Information shown:
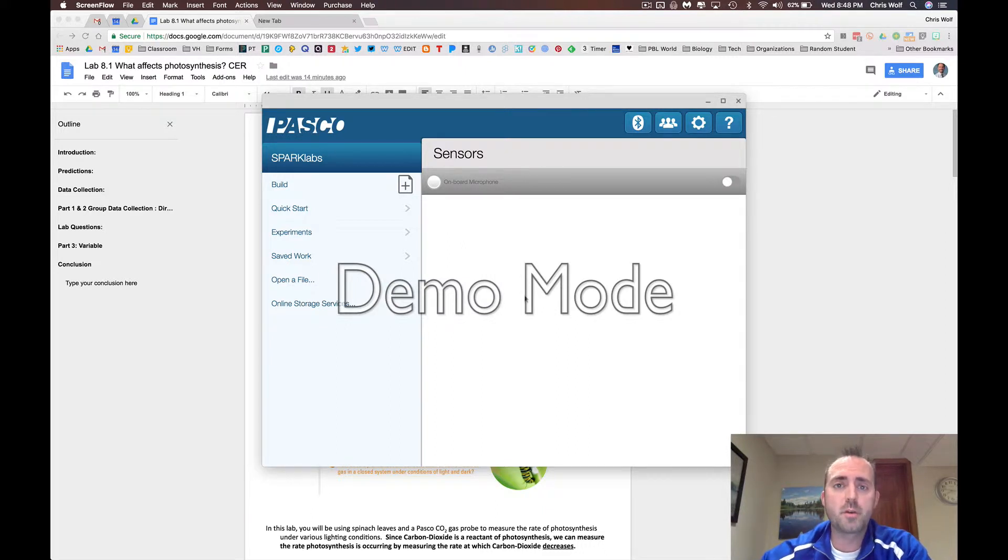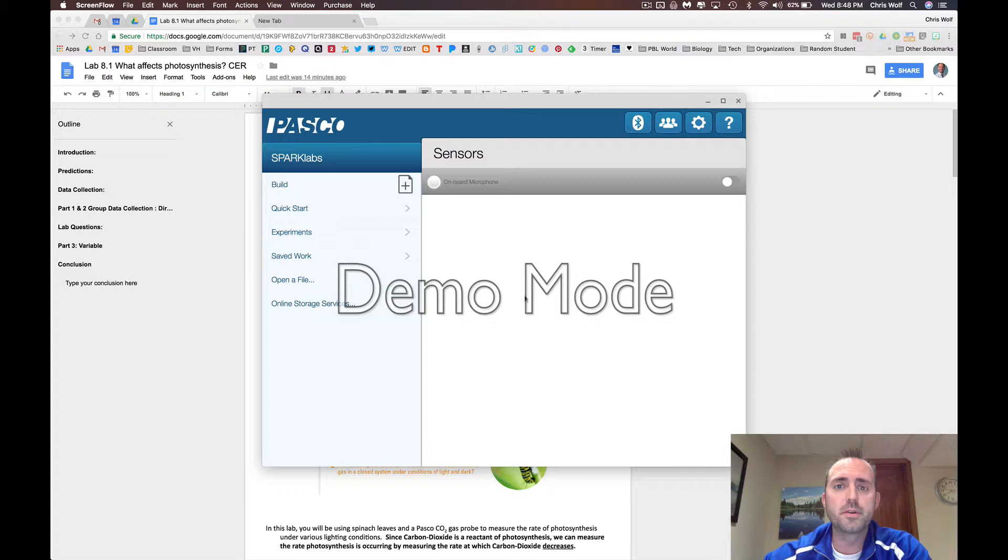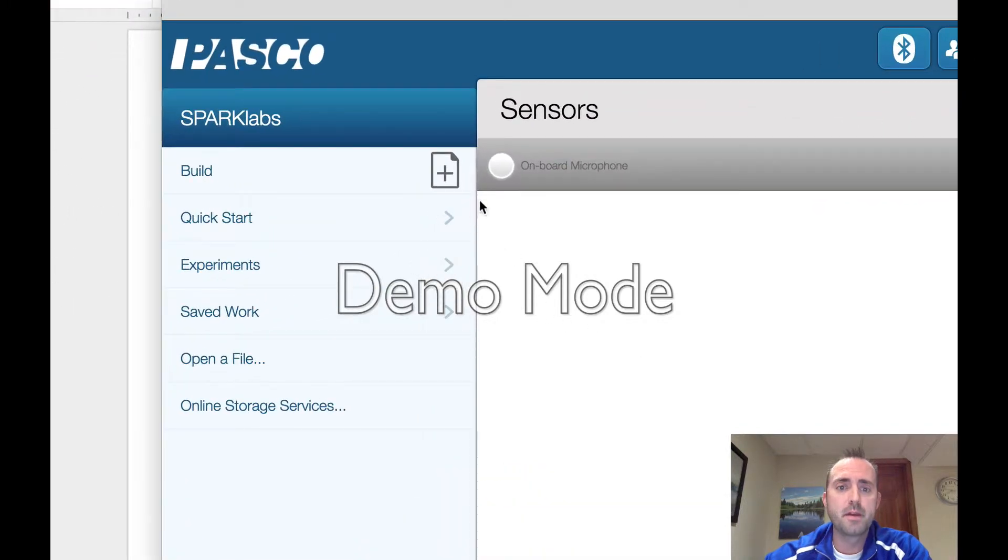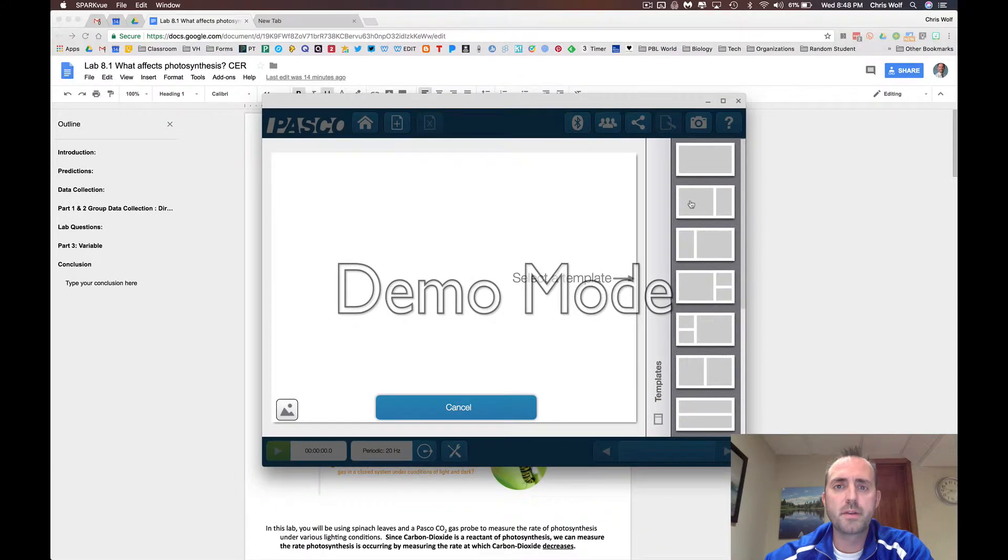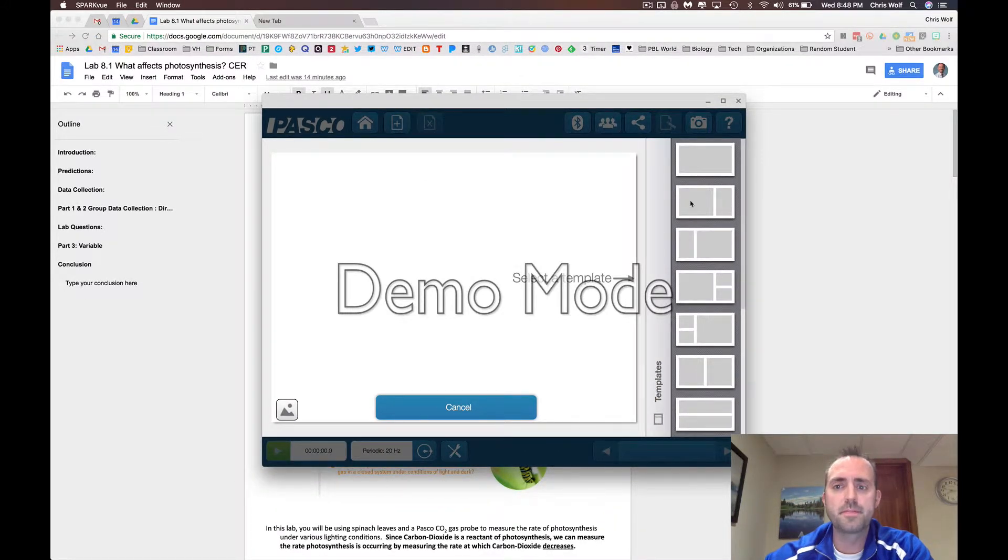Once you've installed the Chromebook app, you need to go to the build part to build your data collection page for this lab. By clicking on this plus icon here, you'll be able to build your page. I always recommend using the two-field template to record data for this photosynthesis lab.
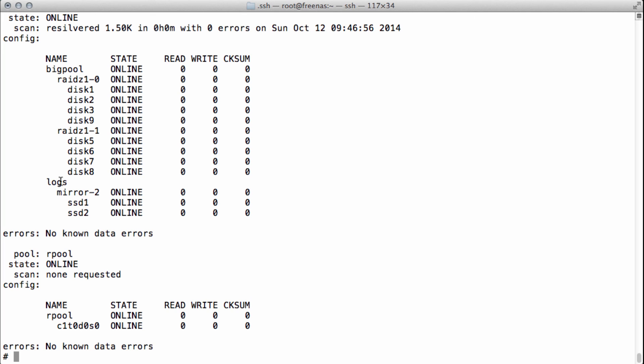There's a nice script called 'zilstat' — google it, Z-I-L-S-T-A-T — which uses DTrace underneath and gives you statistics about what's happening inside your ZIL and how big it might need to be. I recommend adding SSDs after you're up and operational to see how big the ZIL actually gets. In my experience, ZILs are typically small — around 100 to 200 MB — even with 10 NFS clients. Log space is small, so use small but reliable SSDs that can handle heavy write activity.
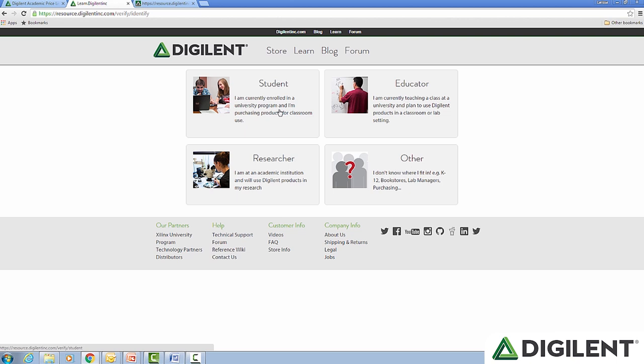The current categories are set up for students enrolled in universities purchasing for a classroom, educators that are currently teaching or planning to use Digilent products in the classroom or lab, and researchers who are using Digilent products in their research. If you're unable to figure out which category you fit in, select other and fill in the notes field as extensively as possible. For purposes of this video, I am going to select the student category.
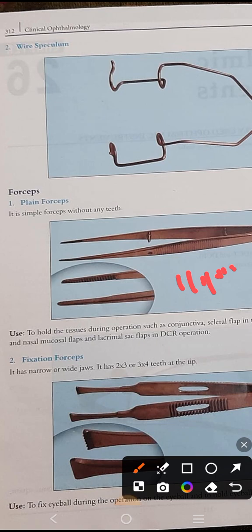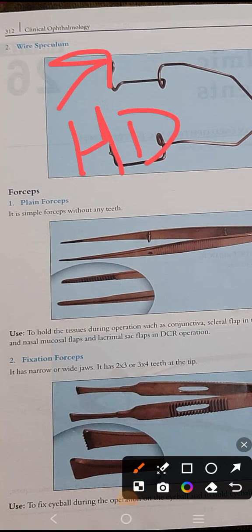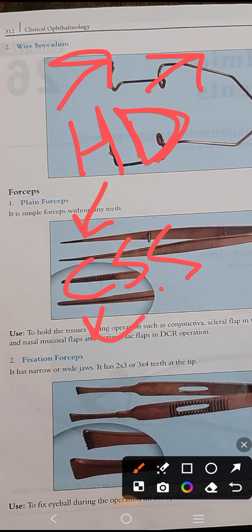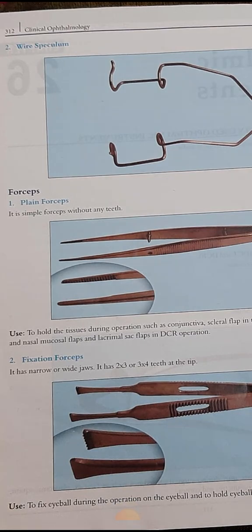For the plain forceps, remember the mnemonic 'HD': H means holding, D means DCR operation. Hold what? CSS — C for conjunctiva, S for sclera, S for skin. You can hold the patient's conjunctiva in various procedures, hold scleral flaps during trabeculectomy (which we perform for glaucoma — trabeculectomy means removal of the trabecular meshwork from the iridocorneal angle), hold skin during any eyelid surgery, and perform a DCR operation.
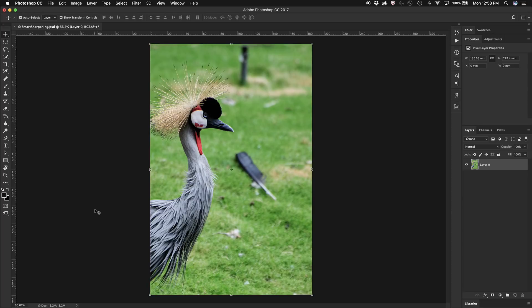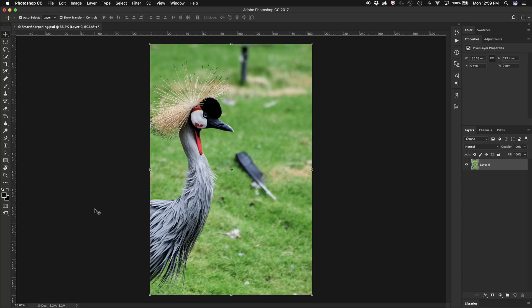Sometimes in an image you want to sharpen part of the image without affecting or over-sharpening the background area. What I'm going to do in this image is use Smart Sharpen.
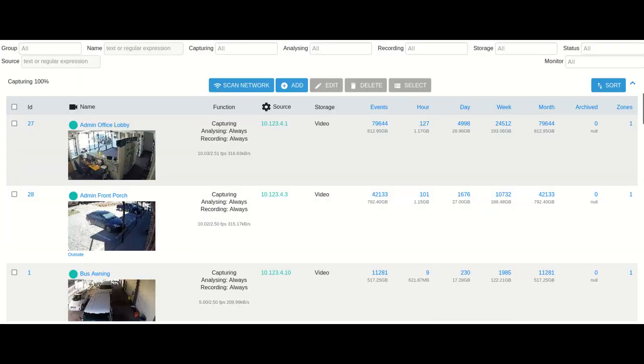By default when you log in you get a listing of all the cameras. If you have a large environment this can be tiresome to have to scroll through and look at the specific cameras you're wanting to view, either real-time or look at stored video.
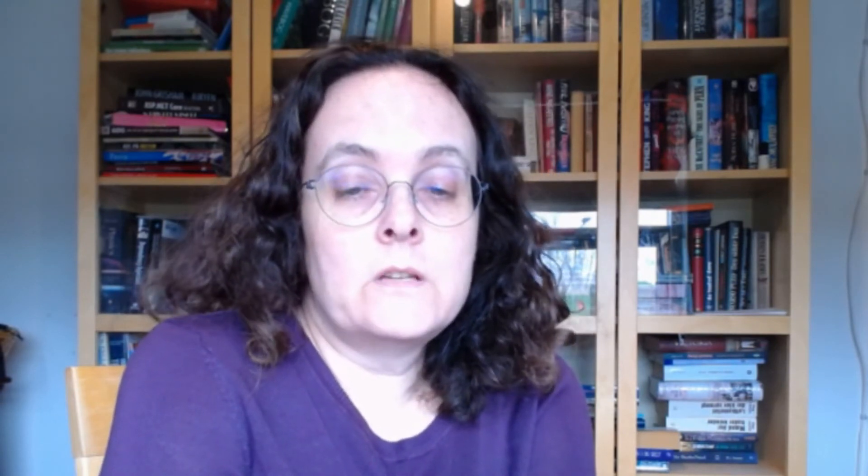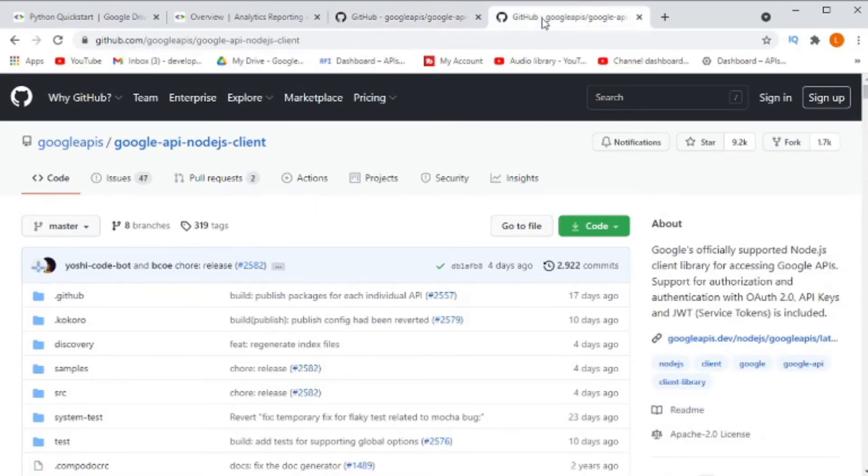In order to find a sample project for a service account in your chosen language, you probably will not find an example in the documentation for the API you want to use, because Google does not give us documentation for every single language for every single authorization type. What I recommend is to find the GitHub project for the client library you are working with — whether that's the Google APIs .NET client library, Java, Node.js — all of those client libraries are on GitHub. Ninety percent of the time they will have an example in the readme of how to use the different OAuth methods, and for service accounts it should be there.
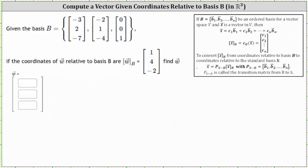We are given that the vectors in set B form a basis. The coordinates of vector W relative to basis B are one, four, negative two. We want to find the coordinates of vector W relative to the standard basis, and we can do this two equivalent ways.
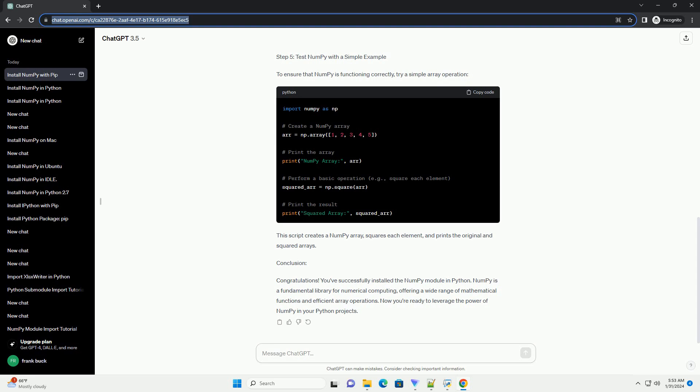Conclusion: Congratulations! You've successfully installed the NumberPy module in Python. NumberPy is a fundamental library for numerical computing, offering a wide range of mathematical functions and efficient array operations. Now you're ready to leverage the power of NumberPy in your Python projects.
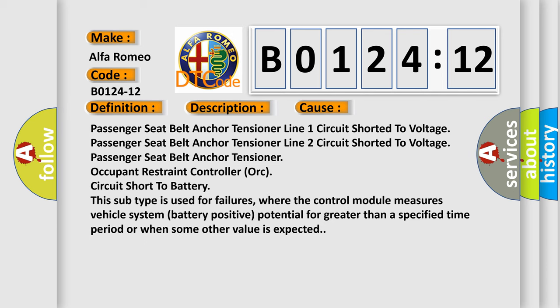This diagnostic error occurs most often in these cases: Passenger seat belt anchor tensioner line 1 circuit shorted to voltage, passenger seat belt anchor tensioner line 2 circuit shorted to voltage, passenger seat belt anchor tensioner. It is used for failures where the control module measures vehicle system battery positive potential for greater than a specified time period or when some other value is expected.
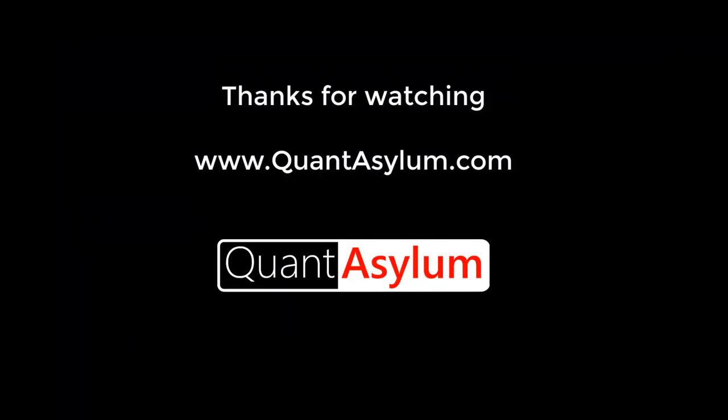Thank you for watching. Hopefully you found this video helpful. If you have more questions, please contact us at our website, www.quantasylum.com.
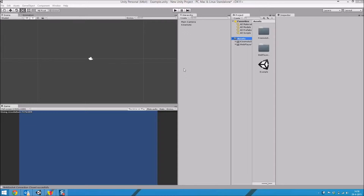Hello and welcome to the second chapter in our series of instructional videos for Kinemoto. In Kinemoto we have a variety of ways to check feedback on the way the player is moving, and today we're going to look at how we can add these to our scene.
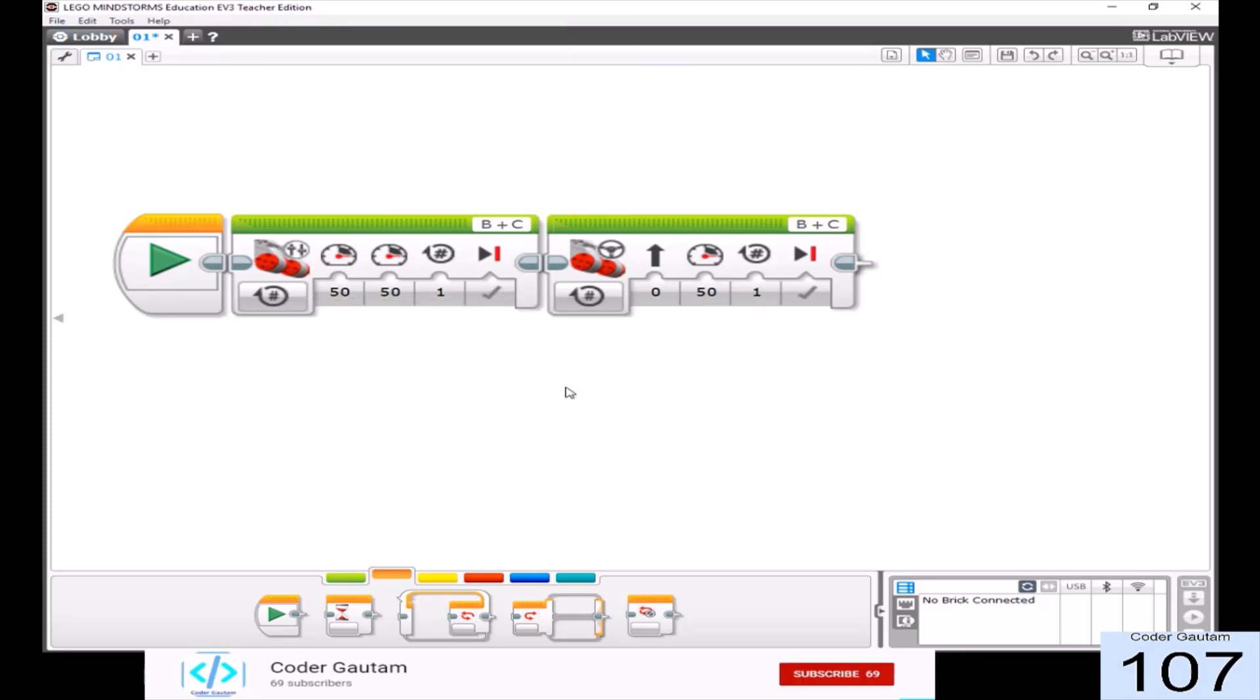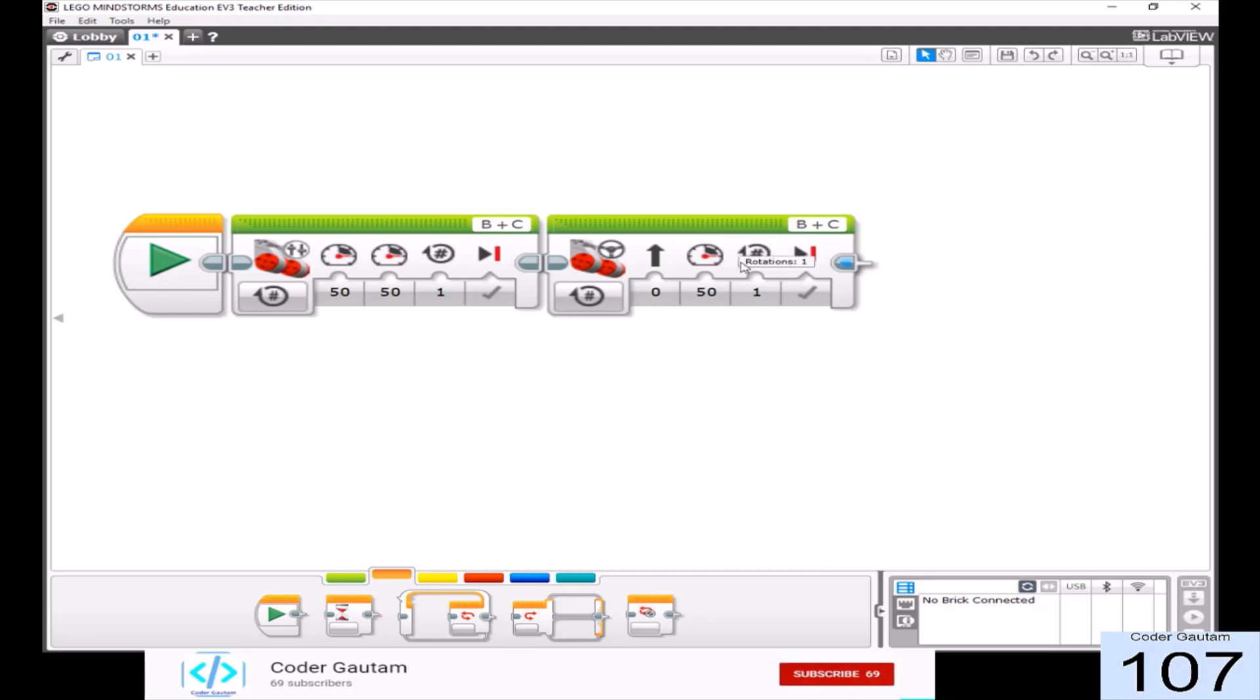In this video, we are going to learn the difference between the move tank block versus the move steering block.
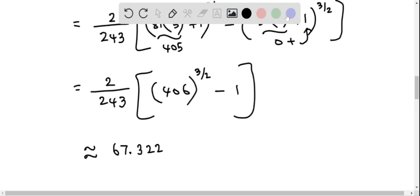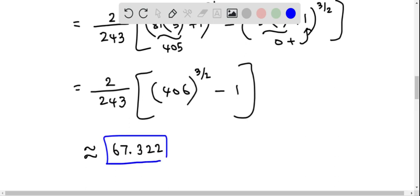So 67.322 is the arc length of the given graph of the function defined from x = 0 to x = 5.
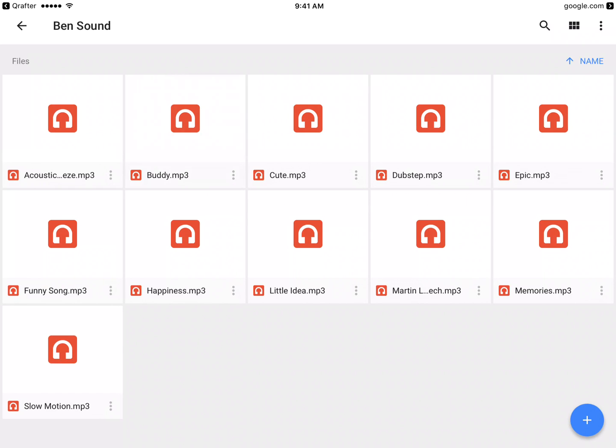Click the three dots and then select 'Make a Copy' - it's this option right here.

Exercise goal:
A verbatim copy of the data, with all pictures omitted, is the required output.

Exercise output:
Once you've installed the Chromebook app, you need to go to the build part to build your data collection page for this lab. By clicking on this plus icon here, you'll be able to build your page. I always recommend using the two-field template to record data for this photosynthesis lab.
There's a nice script called 'zilstat' — google it, Z-I-L-S-T-A-T — which uses DTrace underneath and gives you statistics about what's happening inside your ZIL and how big it might need to be. I recommend adding SSDs after you're up and operational to see how big the ZIL actually gets. In my experience, ZILs are typically small — around 100 to 200 MB — even with 10 NFS clients. Log space is small, so use small but reliable SSDs that can handle heavy write activity.
The current categories are set up for students enrolled in universities purchasing for a classroom, educators that are currently teaching or planning to use Digilent products in the classroom or lab, and researchers who are using Digilent products in their research. If you're unable to figure out which category you fit in, select other and fill in the notes field as extensively as possible. For purposes of this video, I am going to select the student category.
For the plain forceps, remember the mnemonic 'HD': H means holding, D means DCR operation. Hold what? CSS — C for conjunctiva, S for sclera, S for skin. You can hold the patient's conjunctiva in various procedures, hold scleral flaps during trabeculectomy (which we perform for glaucoma — trabeculectomy means removal of the trabecular meshwork from the iridocorneal angle), hold skin during any eyelid surgery, and perform a DCR operation.
Sometimes in an image you want to sharpen part of the image without affecting or over-sharpening the background area. What I'm going to do in this image is use Smart Sharpen.
By default when you log in you get a listing of all the cameras. If you have a large environment this can be tiresome to have to scroll through and look at the specific cameras you're wanting to view, either real-time or look at stored video.
In order to find a sample project for a service account in your chosen language, you probably will not find an example in the documentation for the API you want to use, because Google does not give us documentation for every single language for every single authorization type. What I recommend is to find the GitHub project for the client library you are working with — whether that's the Google APIs .NET client library, Java, Node.js — all of those client libraries are on GitHub. Ninety percent of the time they will have an example in the readme of how to use the different OAuth methods, and for service accounts it should be there.
We are given that the vectors in set B form a basis. The coordinates of vector W relative to basis B are one, four, negative two. We want to find the coordinates of vector W relative to the standard basis, and we can do this two equivalent ways.
Conclusion: Congratulations! You've successfully installed the NumberPy module in Python. NumberPy is a fundamental library for numerical computing, offering a wide range of mathematical functions and efficient array operations. Now you're ready to leverage the power of NumberPy in your Python projects.
This diagnostic error occurs most often in these cases: Passenger seat belt anchor tensioner line 1 circuit shorted to voltage, passenger seat belt anchor tensioner line 2 circuit shorted to voltage, passenger seat belt anchor tensioner. It is used for failures where the control module measures vehicle system battery positive potential for greater than a specified time period or when some other value is expected.
Thank you for watching. Hopefully you found this video helpful. If you have more questions, please contact us at our website, www.quantasylum.com.
Hello and welcome to the second chapter in our series of instructional videos for Kinemoto. In Kinemoto we have a variety of ways to check feedback on the way the player is moving, and today we're going to look at how we can add these to our scene.
In this video, we are going to learn the difference between the move tank block versus the move steering block.
So 67.322 is the arc length of the given graph of the function defined from x = 0 to x = 5.
Click the three dots and then select 'Make a Copy' - it's this option right here.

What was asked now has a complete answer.